The suit challenges the Wisconsin Elections Commission’s (WEC) absentee ballot spoiling guidance (spoiling is the process by which a ballot that has been marked incorrectly is destroyed and disqualified from being counted).
The challenged WEC guidance allows voters to ask to spoil their absentee ballots and permits voters to receive a new absentee ballot if they make a mistake when filling their ballot, find that their ballot is damaged, change their mind after returning an absentee ballot or opt to vote in person instead. In the complaint, the plaintiff argues that this guidance violates Wisconsin law, under which municipal clerks allegedly lack the authority to spoil a ”previously completed and returned absentee ballot by the elector who was issued the absentee ballot.”
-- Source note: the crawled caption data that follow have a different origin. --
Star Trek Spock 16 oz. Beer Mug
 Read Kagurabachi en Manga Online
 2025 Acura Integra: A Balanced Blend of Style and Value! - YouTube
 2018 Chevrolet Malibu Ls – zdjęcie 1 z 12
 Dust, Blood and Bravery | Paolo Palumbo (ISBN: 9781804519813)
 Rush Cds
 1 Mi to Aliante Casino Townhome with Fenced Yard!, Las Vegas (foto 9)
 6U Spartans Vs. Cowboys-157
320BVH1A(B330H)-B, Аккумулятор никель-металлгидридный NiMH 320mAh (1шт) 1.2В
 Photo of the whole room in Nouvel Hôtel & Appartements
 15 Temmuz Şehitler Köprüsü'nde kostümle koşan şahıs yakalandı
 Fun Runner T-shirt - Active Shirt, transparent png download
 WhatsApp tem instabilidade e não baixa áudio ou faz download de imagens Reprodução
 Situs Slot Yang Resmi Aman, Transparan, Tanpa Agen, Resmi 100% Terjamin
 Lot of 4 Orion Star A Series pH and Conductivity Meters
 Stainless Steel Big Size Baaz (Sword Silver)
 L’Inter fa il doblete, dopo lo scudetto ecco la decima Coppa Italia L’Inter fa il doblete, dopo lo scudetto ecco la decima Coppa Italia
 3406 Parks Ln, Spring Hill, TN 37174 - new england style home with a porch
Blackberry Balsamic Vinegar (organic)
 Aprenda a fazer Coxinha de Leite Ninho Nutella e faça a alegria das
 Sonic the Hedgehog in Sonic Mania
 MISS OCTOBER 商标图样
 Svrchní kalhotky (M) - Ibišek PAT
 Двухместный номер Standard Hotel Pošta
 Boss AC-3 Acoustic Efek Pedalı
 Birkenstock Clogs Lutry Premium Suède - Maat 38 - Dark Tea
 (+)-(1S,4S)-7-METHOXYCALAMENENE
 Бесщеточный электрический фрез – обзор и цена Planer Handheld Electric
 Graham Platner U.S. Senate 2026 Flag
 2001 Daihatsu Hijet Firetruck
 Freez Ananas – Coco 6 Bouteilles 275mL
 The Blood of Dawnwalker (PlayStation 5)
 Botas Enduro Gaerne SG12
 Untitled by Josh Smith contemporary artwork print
The plaintiff asserts that only voters may spoil their own absentee ballots and return them to the clerk before filling out a new one. Accordingly, the plaintiff asks the court to prohibit clerks from spoiling and/or returning previously completed and returned absentee ballots voters and asks that the court require WEC to withdraw its guidance.
In seeking to intervene in the case, Rise asserts that the lawsuit’s request to nullify WEC’s absentee ballot spoiling guidance would cause “sudden and significant confusion…if it were granted at this late date—just weeks before the upcoming election and with absentee voting already underway—[and] will force Rise to divert significant resources toward educating voters about any changes to the absentee ballot cure process, retool how it helps mobilize voters, and shift its efforts toward getting as many voters as possible to vote in person.”
Rise also contends that the plaintiff’s attempt to restrict Wisconsin voters’ options for fixing minor errors on absentee ballots would detract from the organization’s efforts aimed at mobilizing first-time or lower-information voters via get-out-the-vote campaigns.